Statistics Assignment Help : Question 1: (R/Rcmdr)
For US students, need help on this assignment upload it through our website www.mytutorstore.com or send through email at firstname.lastname@example.org
Question 1: (R/Rcmdr)
Old Faithful Geyser in Yellowstone National Park is renowned, among other things, for the regularity of its eruptions. The eruption durations (X, in minutes) and the subsequent intervals before the next eruption (Y, in minutes) are provided in a separate file.
(i) Make a scatterplot of the interval variable versus the duration variable. Describe the relationship. Is there an overall pattern? Do you see any deviation from that pattern?
(ii) Find the correlation coefficient R between interval and duration. What would happen to the value of R if the scales were transformed in hours for the interval and duration variables.

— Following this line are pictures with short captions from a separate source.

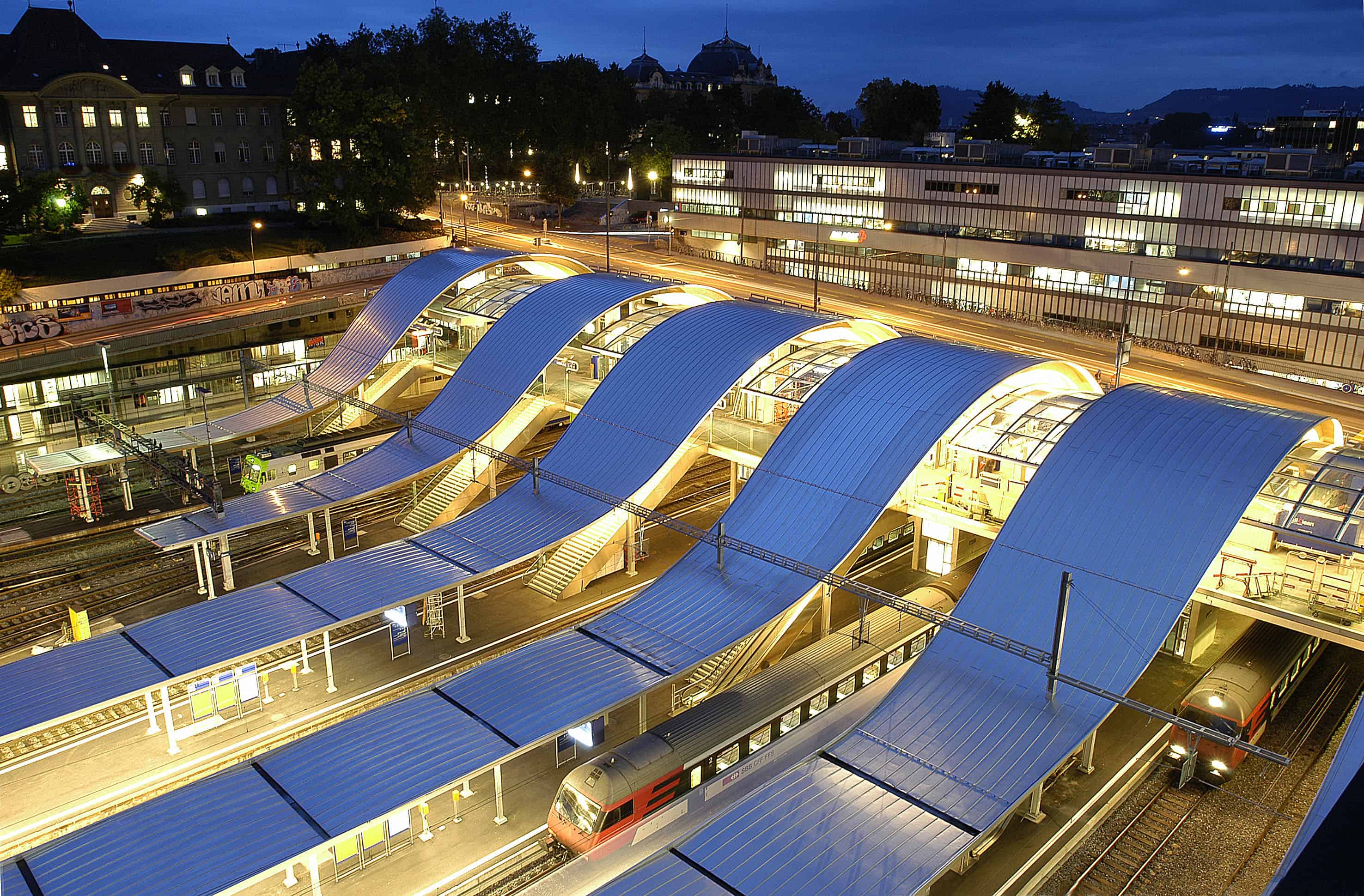 Bern, 29.09.2005 - Bahnhof Bern Ost - Welle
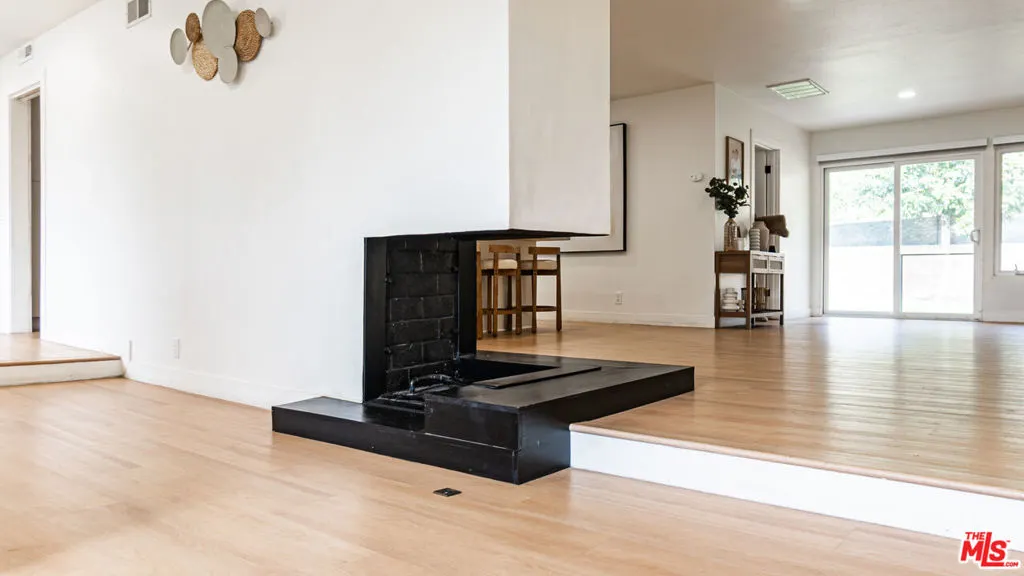 425 Fern Dell Place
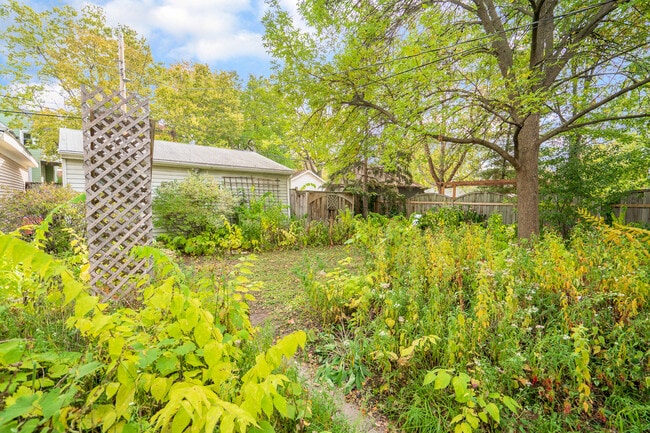 3335 1st Ave S in Minneapolis, MN - Building Photo - Building Photo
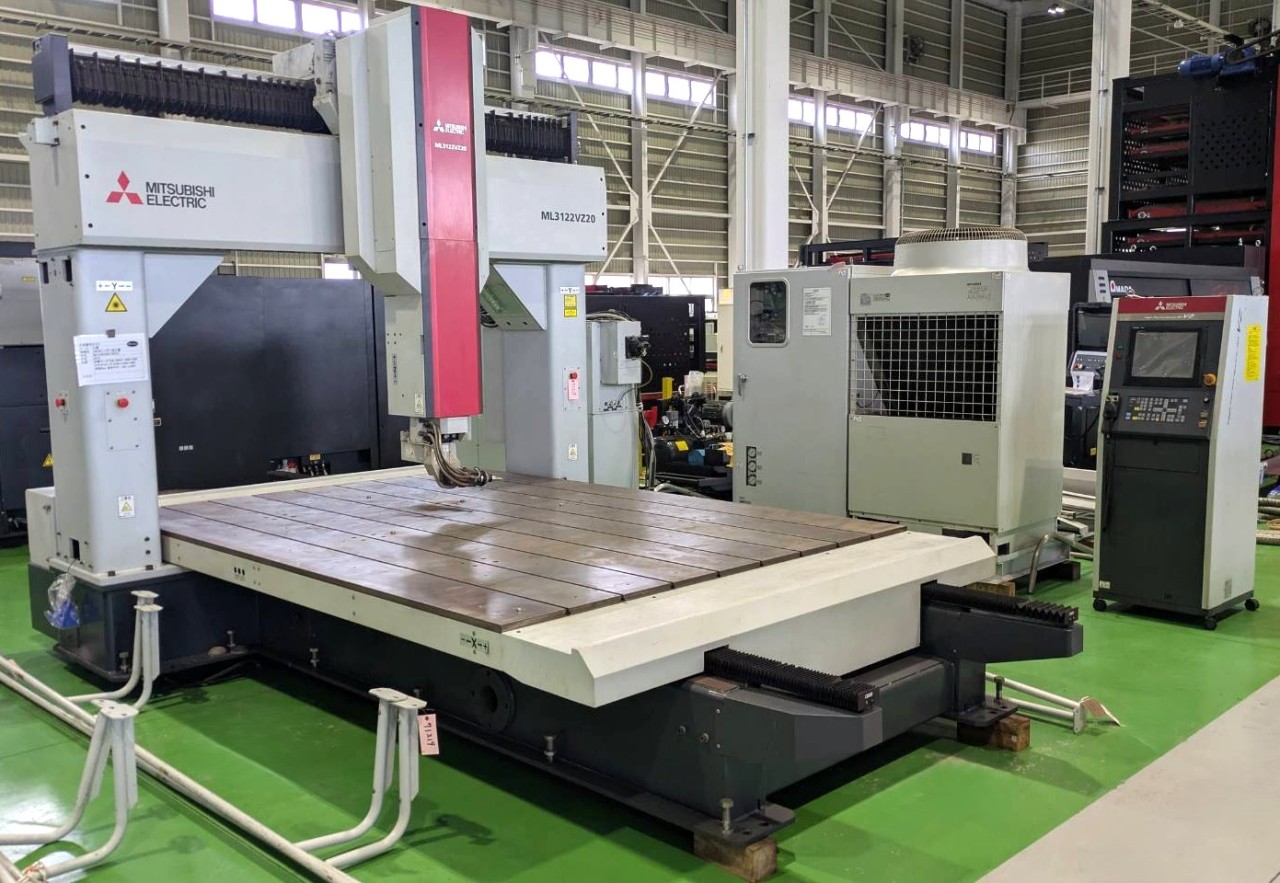 ML3122VZ20-20CF3の本体正面左から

DURATION 1.0000000 0.8584273
INTERVAL 0.8584273 1.0000000
(iii) Identify the slope and the intercept of the regression line from the R Commander output and write the equation of the line.Make sure you write clearly the equation of the regression line. I suggest
[Name of response] = [intercept value] +[value of the slope]*[Name of predictor]
Interpret the slope in this context (if I increase blank1 by ….. I expect blank2 …)
lm(formula = INTERVAL ~ DURATION, data = Dataset)
Min 1Q Median 3Q Max
-14.644 -4.440 -1.088 4.467 15.652
Estimate Std. Error t value Pr(>|t|)
(Intercept) 33.8282 2.2618 14.96 <2e-16 ***
DURATION 10.7410 0.6263 17.15 <2e-16 ***
Signif. codes: 0 '***' 0.001 '**' 0.01 '*' 0.05 '.' 0.1 ' ' 1
Residual standard error: 6.683 on 105 degrees of freedom
Multiple R-squared: 0.7369, Adjusted R-squared: 0.7344
F-statistic: 294.1 on 1 and 105 DF, p-value: < 2.2e-16
(iv) In simple language, what is the slope of the line telling us?
(v) Add the regression line to the scatterplot.
(vi) Find the percent of variation in the interval variable that is explained by the model. Does the regression model provide a good fit?
To find the percent of variation etc:
o Well, it is the square of correlation coefficient r found in (iii). It is to be read as a percentage (consult the examples in the notes).
(vii) Make a residual plot from the linear regression model you constructed above. Discuss the appropriateness of the model.
(viii) Use the equation of the regression line to predict the subsequent interval before the next eruption for an eruption that lasted 5 minutes. How confident are you in the accuracy of your prediction?